OPINIONFinancing

In Burgerim, another fast-growth story is too good to be true

The burger brand is the latest example of a franchise chain that grew quickly, only to run into problems, says RB’s The Bottom Line.
burgerim
Photograph by Jon Springer

the bottom line

Not that long ago, Burgerim was an overnight sensation, a fast-casual chain that popped up in Southern California with an interesting take on the burger business. It managed to quickly sign up hundreds of franchisees, becoming one of the fastest-growing restaurant chains in the country.

It was too good to be true. As we reported this week, the brand is considering a bankruptcy filing. Its office hasn’t answered its phones in weeks. Its voice mailbox is full. Emails to company officials are bouncing back, and few people are responding to inquiries.

The lesson is an old one in the restaurant business: Beware of overnight sensations. Companies that come out of nowhere and are suddenly everywhere are dangerous businesses for investors, and especially for the franchisees who often spend their life savings to open them.

Burgerim was able to sign lots of franchisees over a short period. The company collected more than $44 million in franchise fees over three years.

It appears that the company had little in the way of franchise support or structure, however. It had operators all over the country and didn’t collect much in the way of royalties.

“It’s in a difficult position,” Michael Berger, a California bankruptcy attorney hired to reorganize the company, told Restaurant Business. “We’re trying to figure out the best way to reorganize.”

Berger said he was hired only recently and that he is trying to work his way through the system’s challenges, including lawsuits filed in a number of states by current and prospective franchisees.

He also said the company has not been good about collecting royalties.

“They were very good at selling new franchises,” Berger said, “and less good about enforcing the franchise agreements.”

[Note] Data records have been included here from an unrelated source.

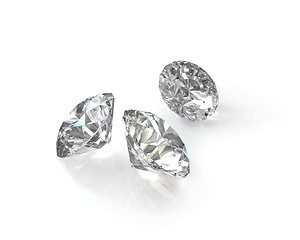 Image showing Three round, old european cut diamonds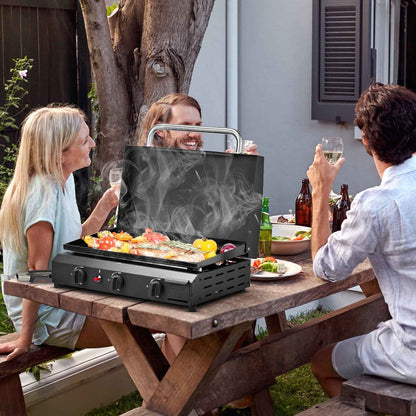 3-Burner Flat Top Gas Griddle Cooking Station – Ceramic Non-Stick, 23" Surface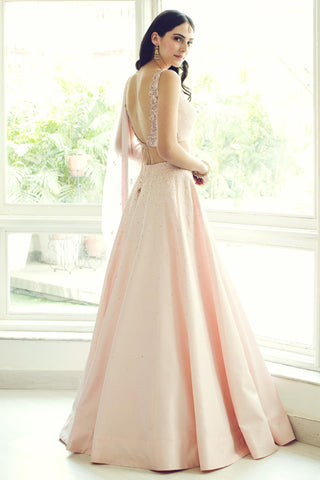 Light pink floral and texture embroidery lehenga set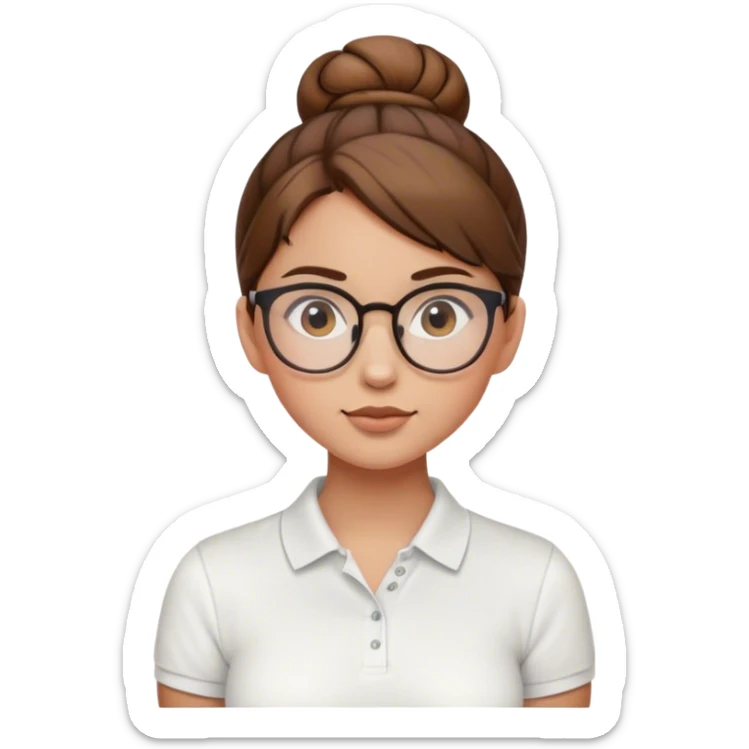 girl wearing white polo brown hair in a bun and wearing eye glasses sticker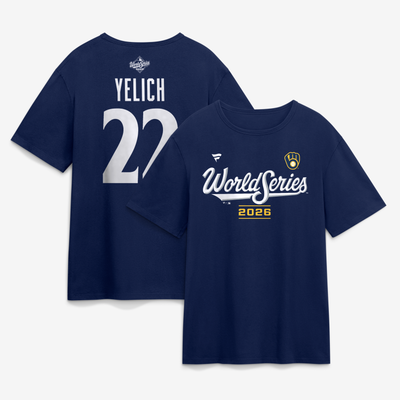 Christian Yelich Milwaukee Brewers Fanatics 2026 World Series Name & Number T-Shirt - Navy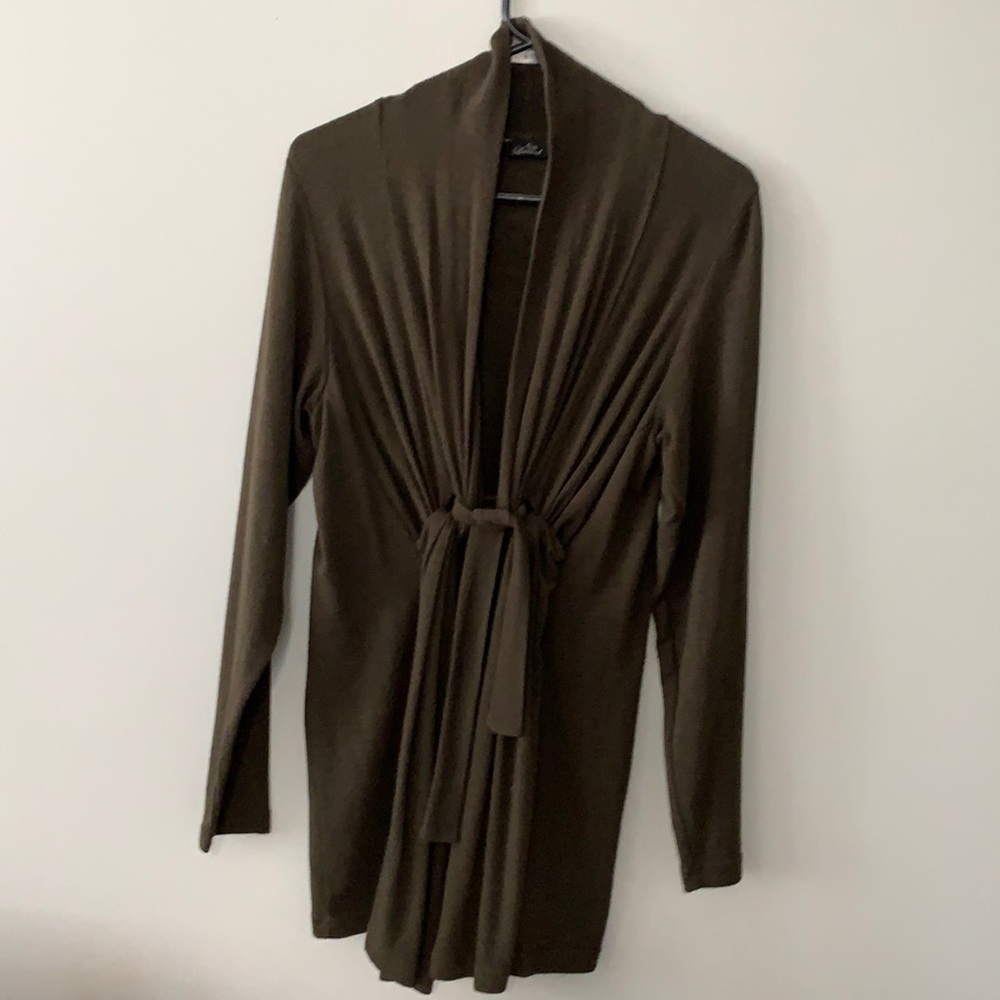 Maternity Ripe Limited cardigan sweater shawl collar gathered tie, lightweight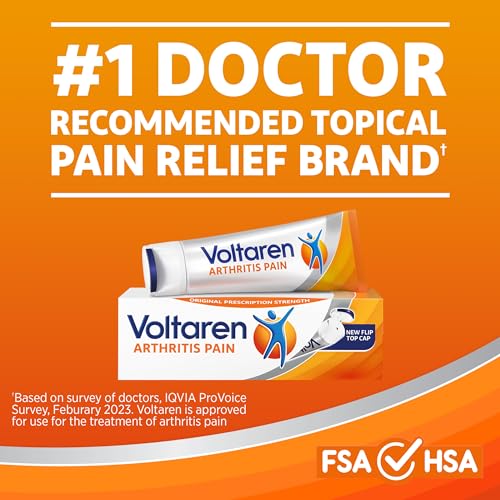 Voltaren Arthritis Pain Gel for Powerful Topical Arthritis Pain Relief - NEW Easy Open Cap - 100 g Tube And 20 g Travel Size Tube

Burgerim opened its first U.S. location in 2016. It opened no corporate locations. By the end of 2018, it had signed over 400 franchise agreements and operators had opened more than 100 restaurants.

The chain is believed to have around 200 locations at the moment, though that is difficult to tell, and many locations have closed, based on a simple Google search. Potentially dozens of locations have closed already.

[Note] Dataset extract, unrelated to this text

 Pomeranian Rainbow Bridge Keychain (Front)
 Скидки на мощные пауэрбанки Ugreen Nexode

Some locations never opened at all. One in Sarasota, Fla., was evicted from a mall before even opening.

Exactly how Burgerim was able to come out of nowhere and sign so many franchisees so quickly is something of a mystery.

The company advertised mainly on social media sites, particularly Facebook, for its franchisees. According to the Los Angeles Times, it paid the Instagram personality Foodgod a seven-figure marketing deal. Foodgod made several posts boasting about the burger chain. 

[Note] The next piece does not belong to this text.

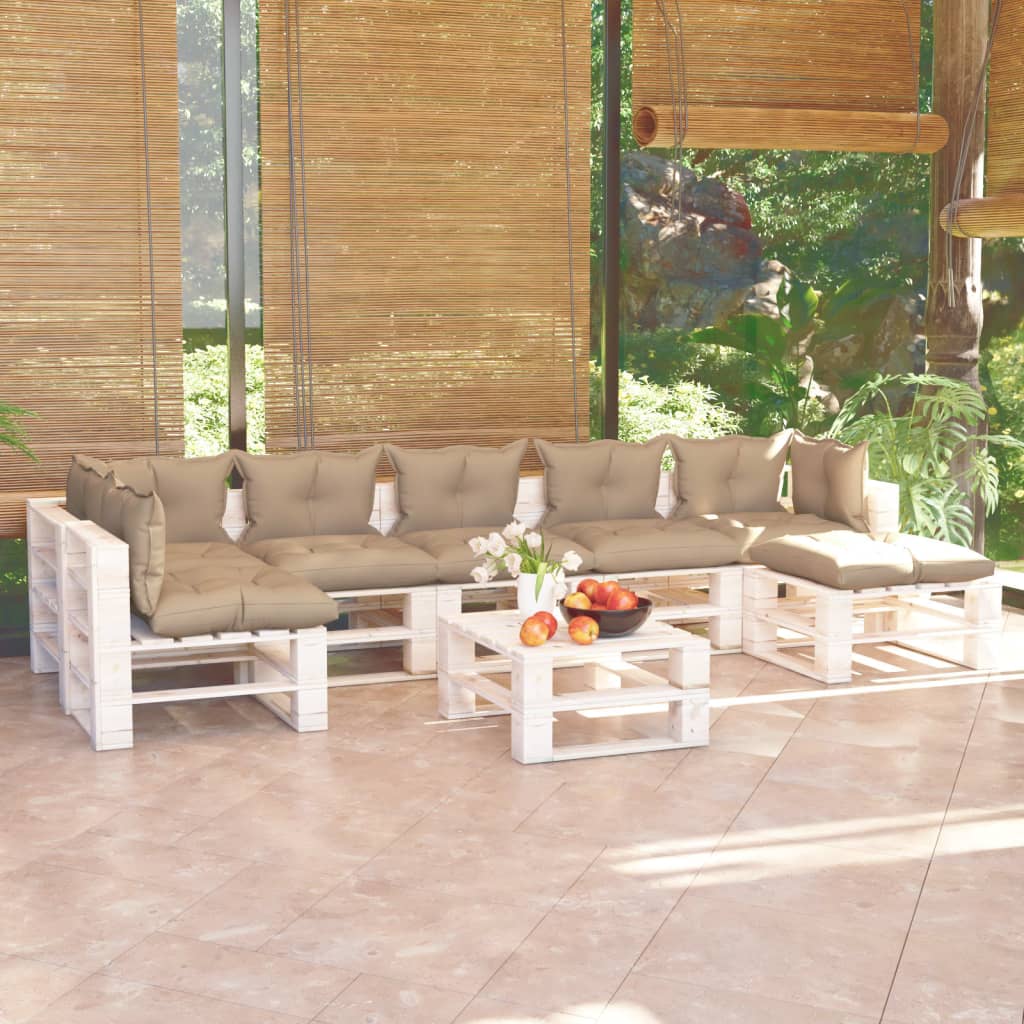 8-tlg. Garten-Sofagarnitur aus Paletten mit Kissen Kiefernholz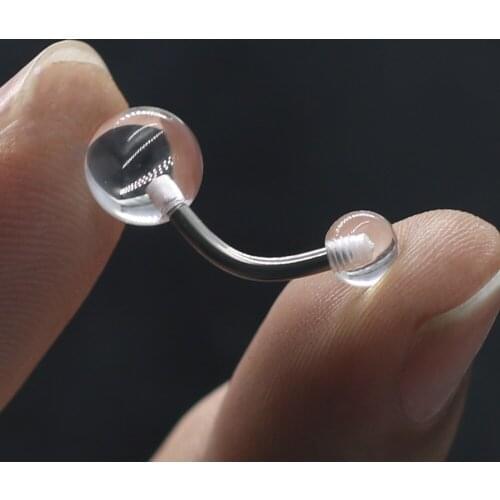 5 Pcs Transparent Stainless Steel Belly Ball Button Rod Fashion Industrial Studs Punk Dermal Piercings Navel Stud Body Jewelry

And experience was not required. Burgerim was willing to sell franchises to people willing to pay the franchise fee, which ranged from $40,000 to $70,000.

“If you have the $50,000 franchise fee and are willing to come on board, we’ll take a chance on you,” former CEO Tom Meiron told Franchise Times last year.

“Most of these people have never run a franchise before,” said Seth Wiener, an attorney in California who has represented a couple of prospective Burgerim franchisees whose franchise agreements were canceled but their fees were never returned. He’s spoken with several of the chain’s current and former operators.

The brand also grew with little regard to location. The company, which is based in Encino, Calif., let franchisees open stores as far away as Florida and New York and had a number of locations in the Midwest.

It’s traditionally difficult to manage franchisees that far apart. For a brand with so many inexperienced operators, that would have been a major challenge, even if it was well-funded.

The company collected a lot of money from these inexperienced franchisees. In 2016 Burgerim generated $2.1 million in revenues, according to its most recent franchise disclosure document, filed in March. The vast majority of that came from franchise fees.

In 2017, the company generated $22.2 million in revenues, and then another $20.7 million in 2018. Overall, it generated $45 million in revenues between 2016 and 2018, all but $600,000 of it coming from franchise fees.

Operators have been unable to reach anybody from the company for weeks. Oren Loni, who brought the brand to the U.S. and who, according to the company’s website, “transformed a burger into a success,” is said to be in Israel.

The brand is currently being overseen by a chief restructuring officer, but as Berger said, Burgerim is “trying to cut costs.”

“It’s got franchisees that want refunds but haven’t gotten refunds,” he said. “It’s got cash-flow problems.”

Nothing from the disclosure documents point to financial problems that would lead to a bankruptcy filing. Burgerim doesn’t operate any of its own locations and reported a profit in audited financials all three of those years. It did not disclose any debt.

But franchise fees are one-time sources of revenue and are particularly volatile, and despite fast growth, royalty revenue was difficult to generate. It’s possible a steep decline in new fees could have put Burgerim behind very quickly.

Regardless, people experienced in the franchise sector have seen this before, in small stories such as upstart yogurt chains years ago and in much larger problems such as the collapse of Quiznos. Rapid, out-of-nowhere growth on its own, with little regard for geography, is a major red flag. Burgerim is only the latest example.